How bad is the market slump over the past week or so? Well, it is a serious decline, and it has the potential to get worse. Some analysts are saying that the market was in trouble before the epidemic, and this has simply hastened the inevitable.
I generally don’t look at our retirement portfolio very often. I learned years ago that the short-term volatility of the market is normal, and being concerned about declines in portfolio value is an exercise in futility in most cases. This time, however, I had to take a look. Here is what our portfolio value looks like over the past 1 year (I cropped out the dollar values along the left side; there were no deposits and some withdrawals over this time period):
The point of this is that the market was amazing over the past year, and so far, the decline is relatively small compared to the 12-month gain. Yes, this kind of rapid decline is not good, but I feel no need to panic or be too concerned. Put another way, I’m OK losing paper value if it keeps Trump from being re-elected. (By the way, changes in the stock market are generally not easy to tie to the actions, or inactions, of a President. The market was gaining value for a number of years before Trump was in office, yes, under Obama.)

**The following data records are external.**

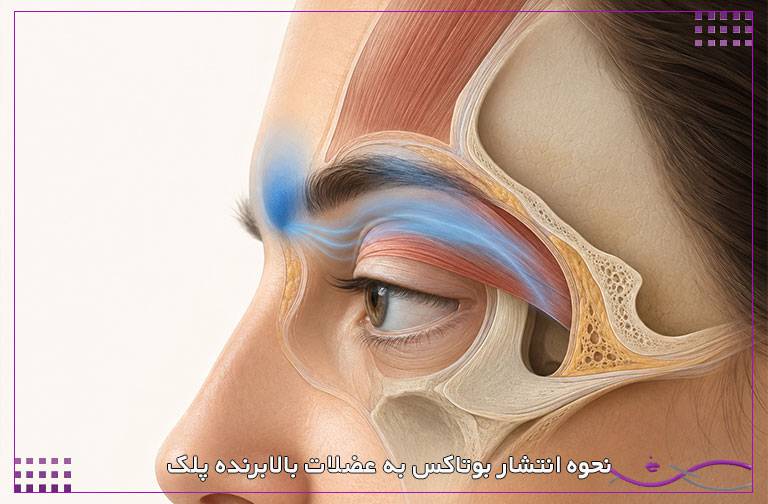افتادگی پلک بعد از بوتاکس 1 نحوه انتشار بوتاکس به عضلات بالابرنده پلک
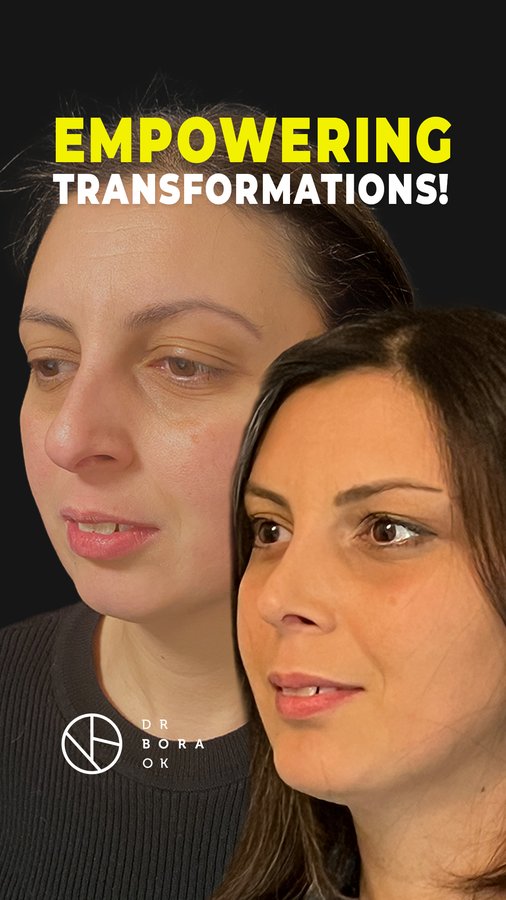 Dr. Bora Ok - Aesthetic Plastic Surgery Clinic - Dr. Bora Ok - Aesthetic Plastic Surgery Clinic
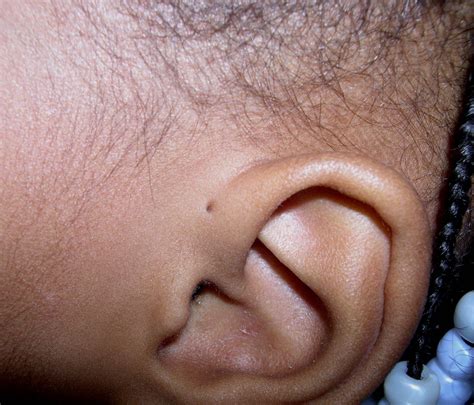 preauricular pits overview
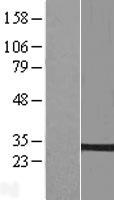 PTPLB (HACD2) Human Over-expression Lysate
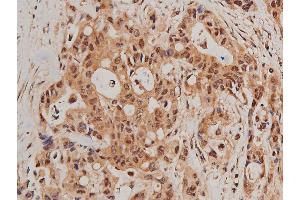 ABIN6267627 at 1/200 staining human colon cancer tissue sections by IHC-P. (FOXO1 anticorps  (pSer319))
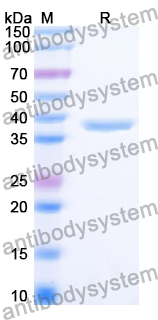 Recombinant Human CYB5A Protein, N-GST & C-His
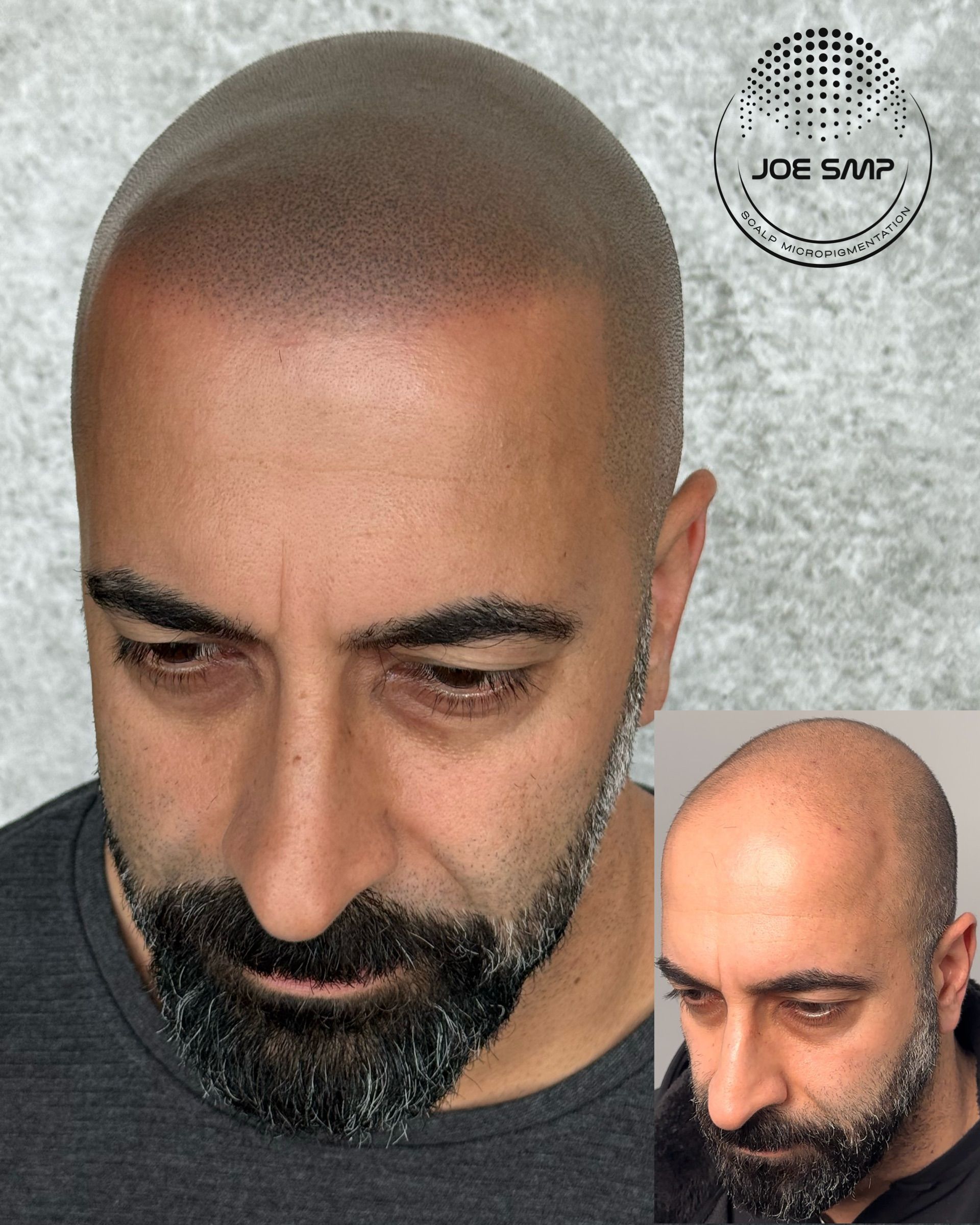 Man with shaved head and beard, showing scalp micropigmentation. Inset shows before treatment.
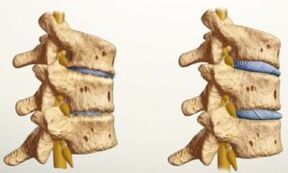 Wie sieht Osteochondrose aus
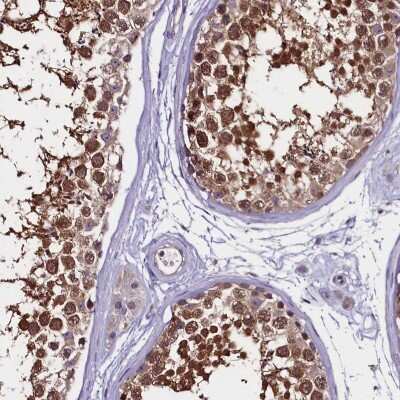 Immunohistochemistry-Paraffin: C9orf40 Antibody [NBP1-90447]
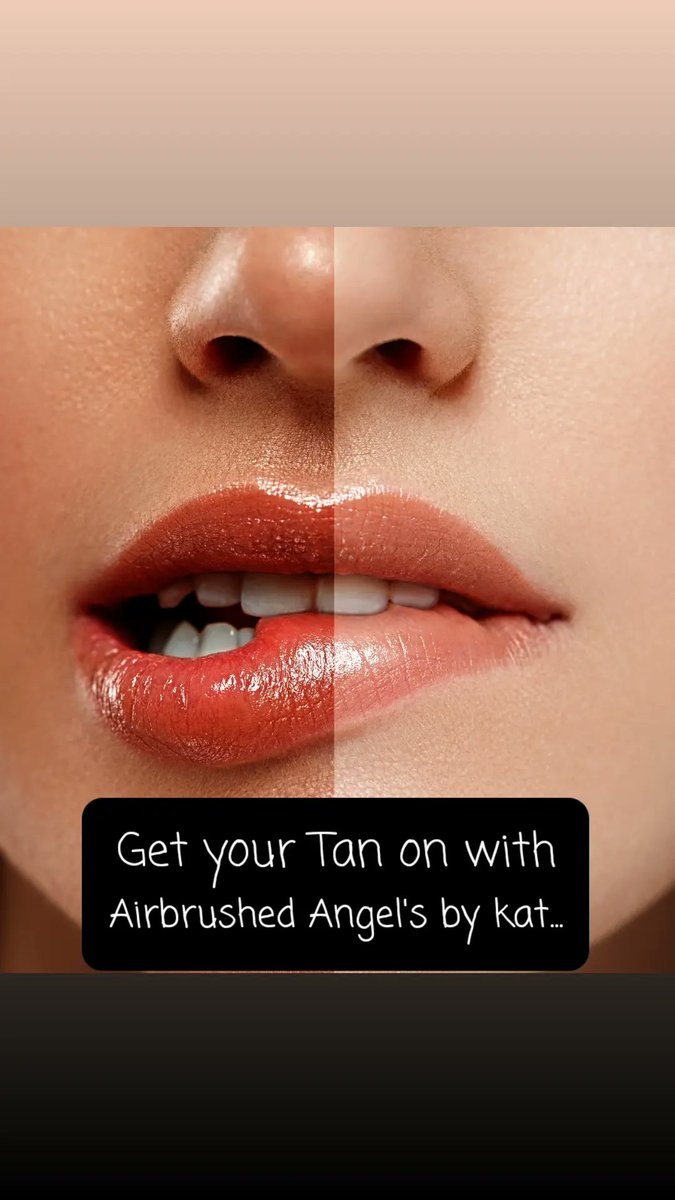 AABK2017's tweet image. Sienna x spray tans available with Kat every day this week untill 9pm.With a choice of shade.We also offer a unique clear spray Bridal tan.
#Siennaxspraytanworcester
#bridaltan
#weddingtan
#clearspraytan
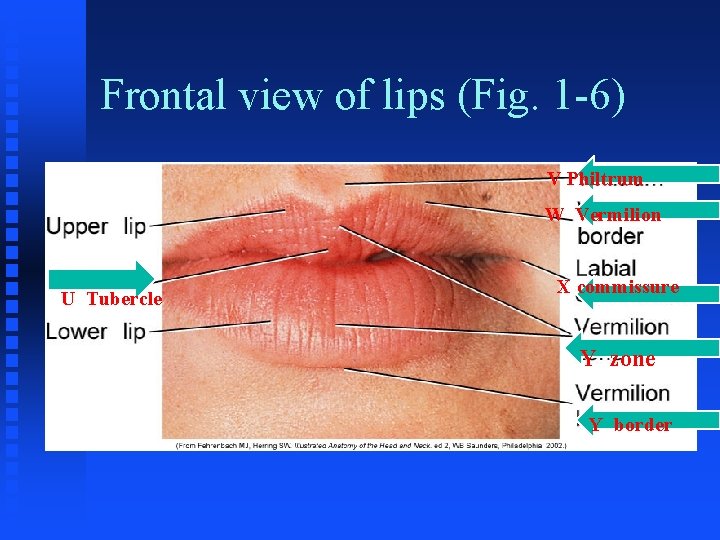 Frontal view of lips (Fig. 1 -6) V Philtrum W Vermilion U Tubercle X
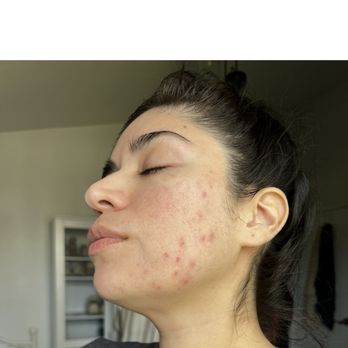 Daisy MD Care - Throughout the process - Acne Treatment Near Me - Santa Ana, California Daisy MD Care - Throughout the process - Acne Treatment Near Me - Santa Ana, California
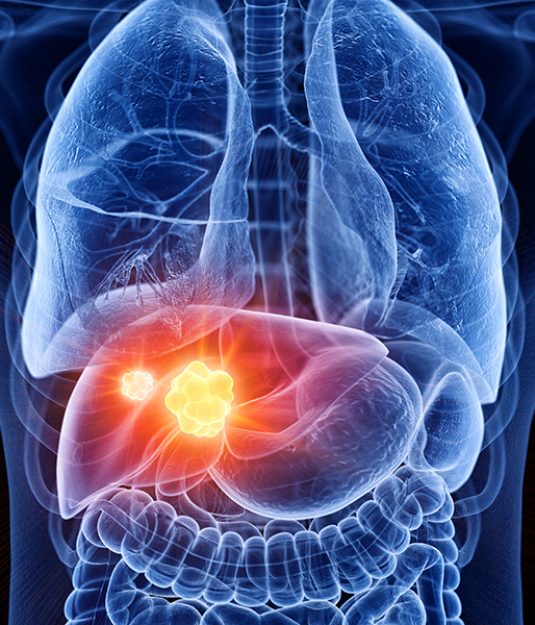 Liver Cancer treatment in india, best liver cancer treatment in india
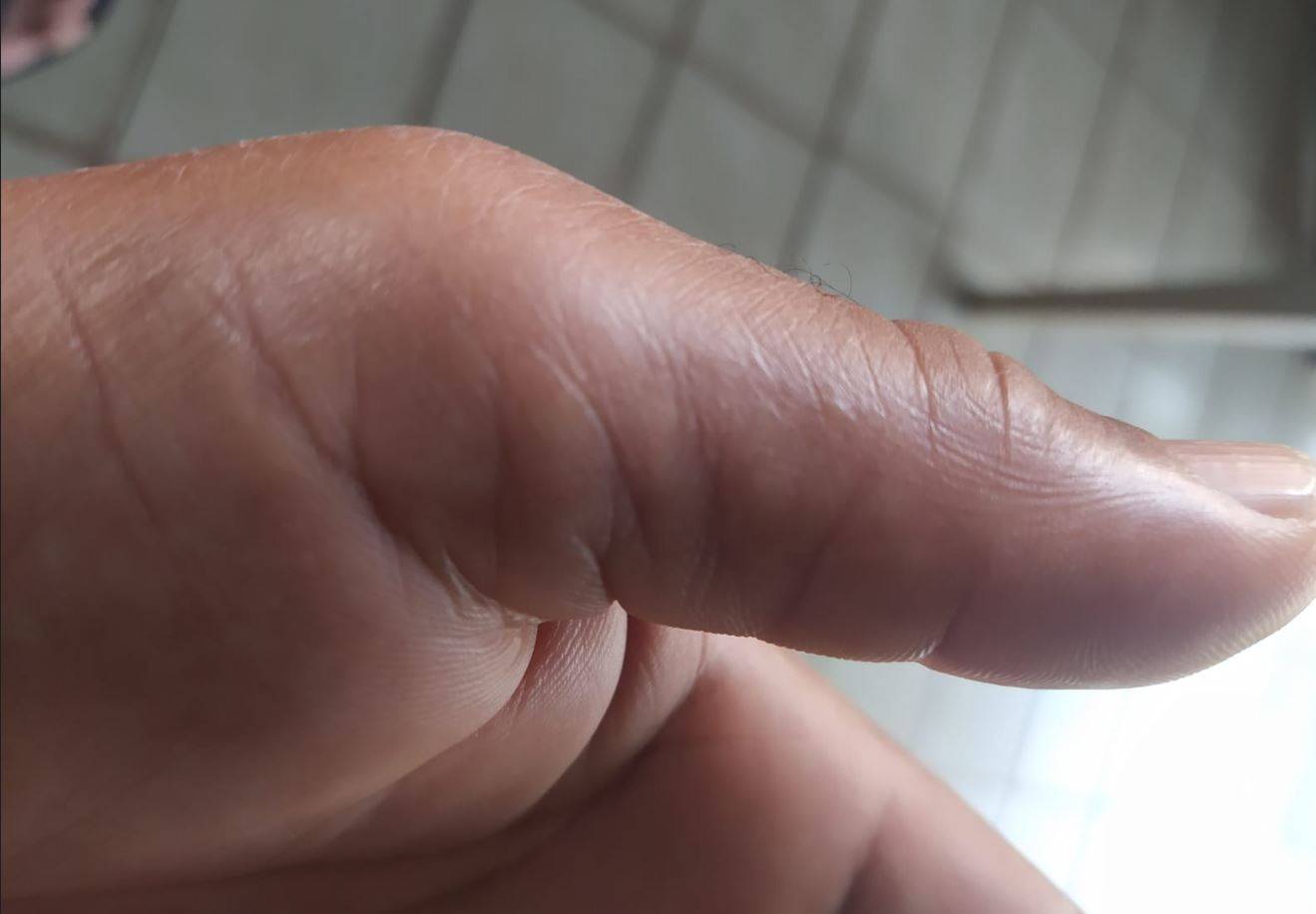 Fotógrafo denunciado por médica da UPA em Vilhena nega ofensas e revela que sogra morreu na unidade uma semana antes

As usual, Trump only thinks about his own image, brand, wealth, and re-election, and the rest of us be damned. If you have not seen it yet, find on-line the video of Trump at the CDC yesterday, a brief stop on his way to play golf at Mar-a-Lago. He not only looks like a buffoon, he acts like one, too. In fact, he is a buffoon. If the reason for his visit were not so very serious, a major viral epidemic, we would laugh ourselves to tears. Instead, we look on in horror as a maniacal clown tells lies and minimizes the seriousness of the situation.
Sometimes, clowns just aren’t funny.